I compared his list where the pen-manipulation was used, with the list here, and although there are overlaps, there are several papers on his list that aren’t here (and also, several papers here that weren’t on his list). – I copy them in here, in order of publication year.
2007 Havas, D. A., Glenberg, A. M., & Rinck, M. (2007). Emotion simulation during language comprehension. Psychonomic Bulletin & Review, 14(3), 436-441.
2008 Stel, M., van den Heuvel, C., & Smeets, R. C. (2008). Facial feedback mechanisms in autistic spectrum disorders. Journal of autism and developmental disorders, 38(7), 1250-1258.
2009 Ashton-James, C., Maddux, W. W., Galinsky, A. D., & Chartrand, T. L. Feeling Badly Makes Us More Who We Are: Negative Affect Strengthens Culturally Consistent Self-Construals.
2009 Topolinski, S., & Strack, F. (2009). The architecture of intuition: Fluency and affect determine intuitive judgments of semantic and visual coherence and judgments of grammaticality in artificial grammar learning. Journal of Experimental Psychology: General, 138(1), 39.
2010 Blaesi, S., & Wilson, M. (2010). The mirror reflects both ways: Action influences perception of others. Brain and cognition, 72(2), 306-309.
2013 Fernández-Abascal, E. G., & Díaz, M. D. M. (2013). Affective induction and creative thinking. Creativity Research Journal, 25(2), 213-221.
2013 Topolinski, S., & Deutsch, R. (2013). Phasic affective modulation of semantic priming. Journal of Experimental Psychology: Learning, Memory, and Cognition, 39(2), 414.
2014 Bilewicz, M., & Kogan, A. (2014). Embodying imagined contact: Facial feedback moderates the intergroup consequences of mental simulation. British Journal of Social Psychology, 53(2), 387-395.
2014 Chang, J., Zhang, M., Hitchman, G., Qiu, J., & Liu, Y. (2014). When you smile, you become happy: Evidence from resting state task-based fMRI. Biological psychology, 103, 100-106.
2015 Lobmaier, J. S., & Fischer, M. H. (2015). Facial feedback affects perceived intensity but not quality of emotional expressions. Brain sciences, 5(3), 357-368.

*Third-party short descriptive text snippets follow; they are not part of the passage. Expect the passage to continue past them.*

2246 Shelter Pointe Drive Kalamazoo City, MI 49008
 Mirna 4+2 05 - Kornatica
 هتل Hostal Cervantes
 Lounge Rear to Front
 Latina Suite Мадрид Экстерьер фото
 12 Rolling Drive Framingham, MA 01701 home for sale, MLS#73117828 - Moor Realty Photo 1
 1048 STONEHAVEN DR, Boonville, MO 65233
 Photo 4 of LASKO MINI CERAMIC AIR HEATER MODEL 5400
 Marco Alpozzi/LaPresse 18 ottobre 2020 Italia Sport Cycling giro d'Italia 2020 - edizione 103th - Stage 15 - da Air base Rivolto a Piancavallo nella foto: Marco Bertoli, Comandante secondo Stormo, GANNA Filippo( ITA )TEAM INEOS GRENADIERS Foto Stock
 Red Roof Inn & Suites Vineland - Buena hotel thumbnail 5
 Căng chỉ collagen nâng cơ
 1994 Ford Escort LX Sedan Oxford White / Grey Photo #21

2015 Sel, A., Calvo-Merino, B., Tuettenberg, S., & Forster, B. (2015). When you smile, the world smiles at you: ERP evidence for self-expression effects on face processing. Social cognitive and affective neuroscience, 10(10), 1316-1322.
I have done a rough coding of the papers, entering them into the R-index work-sheet. It is very rough (considering that I have spent no more than 3 interrupted half-days on it), and should probably be looked over. But, this is roughly what they add:
Success Rate Obs. Power Inflation Rate R-Index
0,6875 0,587337408 0,100162592 0,487174815
It is a rather heterogeneous set of studies – although all of them include the smiling pen manipulation (ok, so one uses chopsticks). Outcomes vary.
It would be nice updating with these, one way or another.
Thank you very much. I will add these to the dataset and redo the analysis.
Hi Ase, I looked through these studies. All except one were actually in our database. I did not include them in the analysis for a number of reasons; mainly within-subject designs and studies with DV that are only tentatively related to experienced affect. I can do a sensitivity analysis, whether results change for this broader set of studies. Conclusion shouldn’t depend on selection of studies.
I figured it would be something like this. It wasn’t quite straightforward going through them (and, yes I noticed the repeated measures).
But, it leads me to another thought that I have had for a while, since I started looking through these last year, and that is that there is possibly a need to chart the methods and measures (and the varieties of methods and measures), because, as they say, the devil is in the details. It isn’t enough to extract effect sizes, because how we manipulate and measure matters
I really like Malte Elson’s effort with the flexible measures site because it really clarifies the varieties of manipulations and measures.